Alan Lew (a Jewish Buddhist whose meditation practice motivated him to study Judaism & become a Conservative Rabbi) has a nice take on that Babel story. We tend to think that God confuses people's languages as a hostile act, a punishment or at best a defense against our wish to get to His place on our own power, after which, Who knows what we might do to the rugs? Well, no, Alan says, we are living in this perfectly harmonious world; but we aren't satisfied; we are trying to take our fate into our own hands instead, so God (for our sake) makes us cease to understand each other's words.

Joan of Arc has always seemed a paradoxical figure, a Medieval woman who impressed Mark Twain with her devout intelligence--a saint inextricably bound up with violence. Did God care whether France wins a few battles; did God want a great many Englishmen (and Frenchmen) killed to secure to keep France... not "free" (It wasn't!) but at least independent? Well, everyone who fought in those battles is now gone from this Earth, and we still have a world broken into nations, and we still have French cooking, and that perverse sort of French intellectual writing, but we don't have the sort of tyranny a completely-unified Europe might have presented. We don't need to be violent; but if people are going to be that way, God can make use of the fact.
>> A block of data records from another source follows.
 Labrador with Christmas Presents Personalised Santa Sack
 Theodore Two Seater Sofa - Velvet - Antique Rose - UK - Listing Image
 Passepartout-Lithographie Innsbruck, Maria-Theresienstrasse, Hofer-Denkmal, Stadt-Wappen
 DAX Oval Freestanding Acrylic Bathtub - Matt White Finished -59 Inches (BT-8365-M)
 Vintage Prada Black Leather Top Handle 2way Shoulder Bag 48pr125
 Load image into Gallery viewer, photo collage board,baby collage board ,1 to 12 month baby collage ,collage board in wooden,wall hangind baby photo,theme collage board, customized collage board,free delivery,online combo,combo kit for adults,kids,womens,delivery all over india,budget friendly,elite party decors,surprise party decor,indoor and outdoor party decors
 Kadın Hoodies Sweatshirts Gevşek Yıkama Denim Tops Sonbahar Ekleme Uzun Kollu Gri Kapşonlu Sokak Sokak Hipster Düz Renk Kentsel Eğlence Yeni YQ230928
We've got John, saying that John the Baptist has pointed Jesus out to a couple of disciples, one of whom tells his brother: " 'We have found the Messiah!' (which is the Hebrew for 'Christ'.) "

Well, no, it isn't. 'Messiah' == 'Christ' was a profoundly goyish misunderstanding of the contemporary Jewish concept. Both meant someone who had had oil poured on him, but this was culturally just puzzling to contemporary Romans, while it was equivalent to being a crowned King (or perhaps a High Priest) to a Jewish audience. It certainly was not the same as being a Hellenistic demigod, or a pagan sacrifice for the people's sins, or the avatar of Holy Wisdom.

People didn't understand each other. The result has been considerable confusion, and a rich development of sometimes-illuminating ways to misunderstand what's going on.

We keep trying to fix the world... or clinging to the even more bizarre hope that we can keep living in it, in our accustomed ways, without cataclysmic destruction and suffering. We keep trying to figure out ways to carry out these peculiar programs--and meanwhile: "The Kingdom of God is spread out over the world, but men do not see it."

I thought I understood both passages, and that they had nothing to do with each other. I don't know, but fully expect, that someone may add a comment that will tie both of them to something 'unrelated' in a way that will astonish me!